Ursula Burns is one of the most successful businesswomen in the world. As CEO of tech giant Xerox for more than six years, she became the first black-American female to hold such a position in a Fortune 500 company.
This achievement didn't come without its difficulties though. Burns' journey to success saw her overcome a number of obstacles and make the most of difficult circumstances.
So what can you learn from her? And how can you use these lessons in your own business?
1. Be vocal
Burns is known for her ability to be outspoken and, although judging whether it is the right situation is key, this has opened many doors for her. Before she became CEO of Xerox, Burns was in an entry-level engineering position.

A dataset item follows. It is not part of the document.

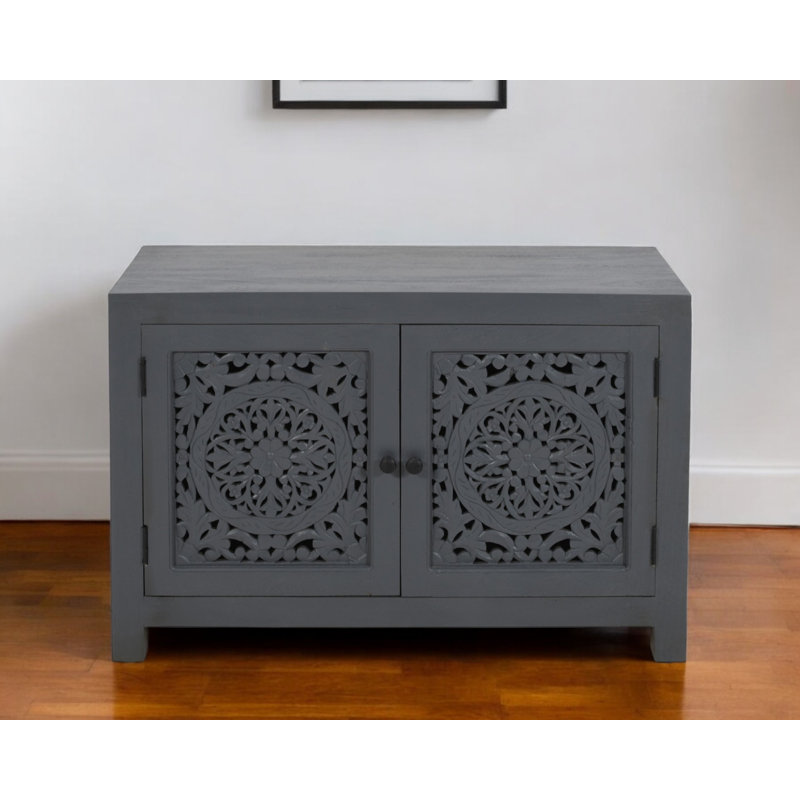 Armoire décorative 30 po à deux portes en bois massif texturé gris vieilli avec deux portes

It was during this time that she challenged Executive VP Warren Hicks and berated him for being without passion on the matter of diversity at the company.
Although she feared she would be sacked, it led to conversations between the two of them, and Burns was eventually made Executive Assistant.

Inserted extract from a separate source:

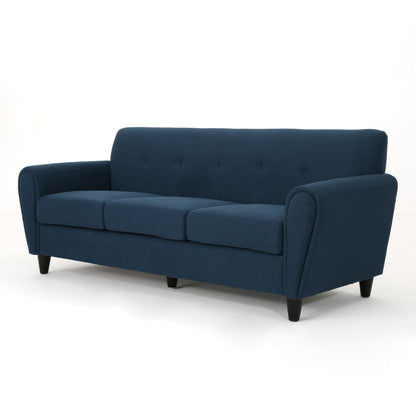Canapé 3 places bleu marine moderne 78,5 avec pieds en bois et cadre en contreplaqué pour le salon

You have to speak up, you have to be a little gritty.
2. Take advantage of opportunities
Burns can credit a lot of her success to making the most of the opportunities she had. When she was given an internship, she was able to bag an entry-level job at Xerox, and even then she didn't just coast and do the minimum she needed to get by. Instead she worked hard and turned her hand to many different roles in the company.
This dedication saw Burns weather the storm Xerox experienced in 2000 and help turn the company around.
3. Don't be nostalgic
It was possible to save Xerox from near-bankruptcy at the turn of the Millennium because Burns didn't let herself get nostalgic about the company that gave her a career. She made tough decisions to save the business including scrapping products that were no longer relevant and creating newer risky ones.
The world is changing. We all know this. And as that world changes, if you don't transform your company, you're stuck.
4. Pick your mentors carefully
Before Burns took up the role, she worked closely with then-CEO Anne Mulcahy. Burns used this time to learn as much as she could from the successful leader and became a key part of her team. When it was time for Mulcahy to leave the company, it was an easy decision to have Burns take her place.
Burns managed to successfully find a mentor who aligned with her own goals and principles, which allowed them to work together to bring Xerox out of the ashes.